By default, Sitebulb will extract a data type of 'Text', as this is most often the type of data that users are after.

By using this dropdown, however, you are able to select different options for more specific use-cases.

Data Options Dropdown

Consider a typical ecommerce store, where you might wish to extract the price from each product page. By selecting 'Decimal' from the dropdown, you can specify to collect the data in the format which is most useful to you.

Extract Price

Similarly, you can instruct Sitebulb you just pick out the number from the selected element.

Extract product number

This range of extraction options allow to collect virtually any datapoint on virtually any website. By tweaking the method of extraction, operation or data type options - and constantly testing the setup - you can set Sitebulb up to collect data exactly as you want it to.

URL matching

By default, Sitebulb will perform the content extraction on every single page on the website. This means you are asking Sitebulb to do more work in terms of processing, and it means more data will be stored on your hard drive once the audit data has been collected.

For most websites - for instance a typical 10,000 page site - there is no issue with this, as the size and scale of the additional resource requirements is negligible.

However, Sitebulb can handle websites with millions of pages, and at this sort of scale you might want to look at reducing the amount of processing work Sitebulb has do while crawling, and perhaps more pertinently - how much space the audit will take up on your hard drive when it is done.

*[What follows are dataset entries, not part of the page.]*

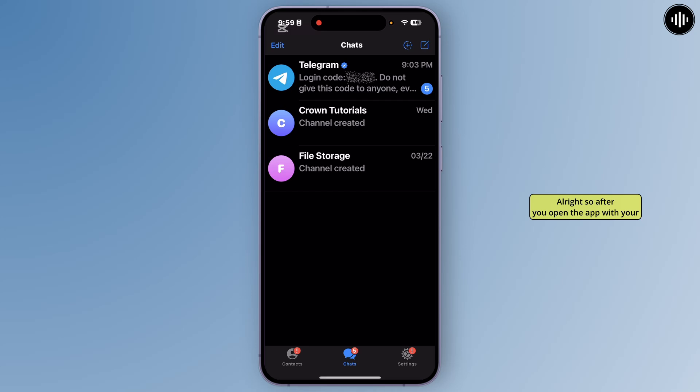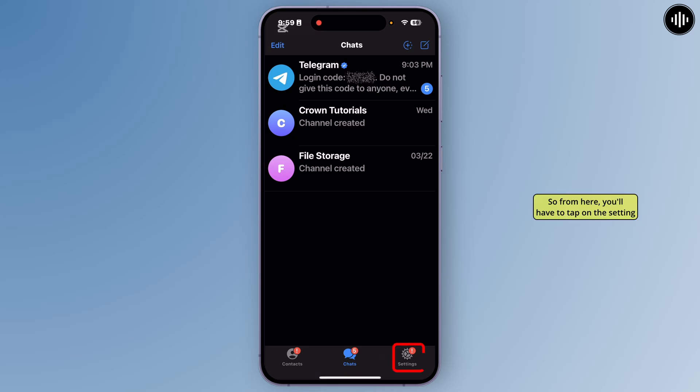All right, so after you open the app with your account, you'll get such interface. So from here, you'll have to tap on the setting option just at the bottom right corner.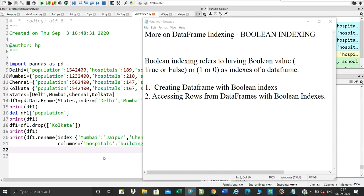Hello student, in the previous class we have deleted row and column and renaming. In today's class, more on data frame indexing, boolean indexing.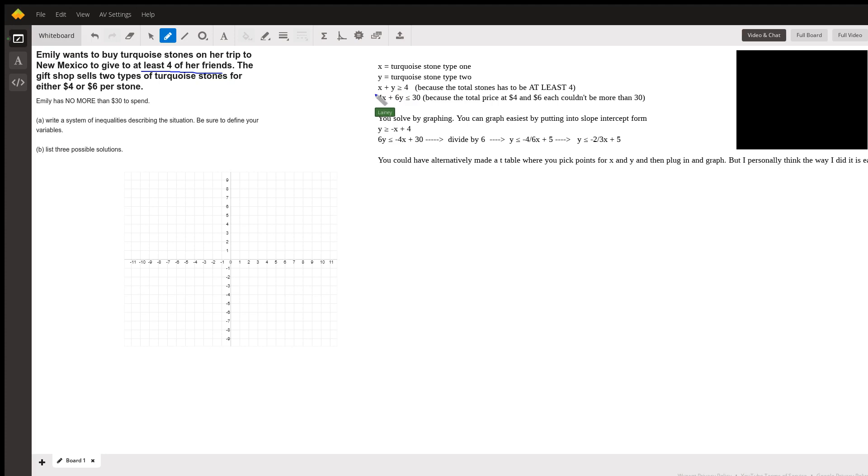So x represents the number of stone one, y represents the number of stone two. This has to be greater than or equal to four because she has at least four friends—each one needs at least one stone.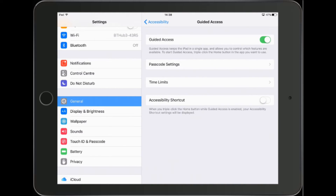Once you've set that up, the last thing I'm going to set up is the accessibility shortcut — that's this switch here. The reason I do this is because I use more than one accessibility feature, for example guided access and switch control. If you're only using guided access you don't need to turn this on at all. If you do turn it on, the iPad will automatically save the accessibility features you've set up in the accessibility shortcut menu.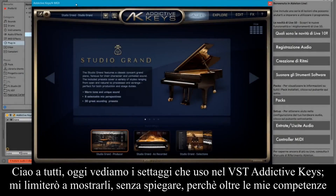Hi everyone! Today we'll look at the settings I use in the VST Addictive Keys. I'll just show them without explaining, because it will be beyond my skills.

This is what the URLs tab is for. You can enter inclusion or exclusion patterns so that Sitebulb will only perform the content extraction on specific pages.

Adding exclusion patterns

Let's assume we wanted to extract breadcrumb data on pages from our website, but we don't want to perform the search on any of our /documentation/ pages (such as this very URL), we would enter the /documentation/ path with a minus (-) sign ahead of it:

  • -/documentation/

Excluding URLs

In the results, the /documentation/ pages simply do not appear, so the only pages with breadcrumbs that remain are our /hints/ pages:

Content extraction exclusion

Adding inclusion patterns

We could also do this a different way, by using inclusion patterns instead. If we know that we only have breadcrumbs on /documentation/ pages and /hints/ pages, but only want to look at the /hints/ ones, we can add an inclusion pattern by entering the folder WITHOUT a minus sign:

  • /hints/

Inclusion URL pattern

The results for this one show how we are able to isolate the pages we are actually interested in, and only perform the extraction on those pages.

The URL matching works for either the basic or advanced configuration, and can be defined differently for every rule you add - so you can get super specific in your setup.

Final caveat - crawl with Chrome when necessary

The final thing to point out is that on some sites, content is loaded in via JavaScript, which means it is not possible to view this content when you do 'View Source.' If this is the case on the website you are crawling, you need to ensure you switch to the Chrome Crawler on the audit settings.

Select Chrome Crawler

This means that Sitebulb will render the JavaScript before performing the content extraction.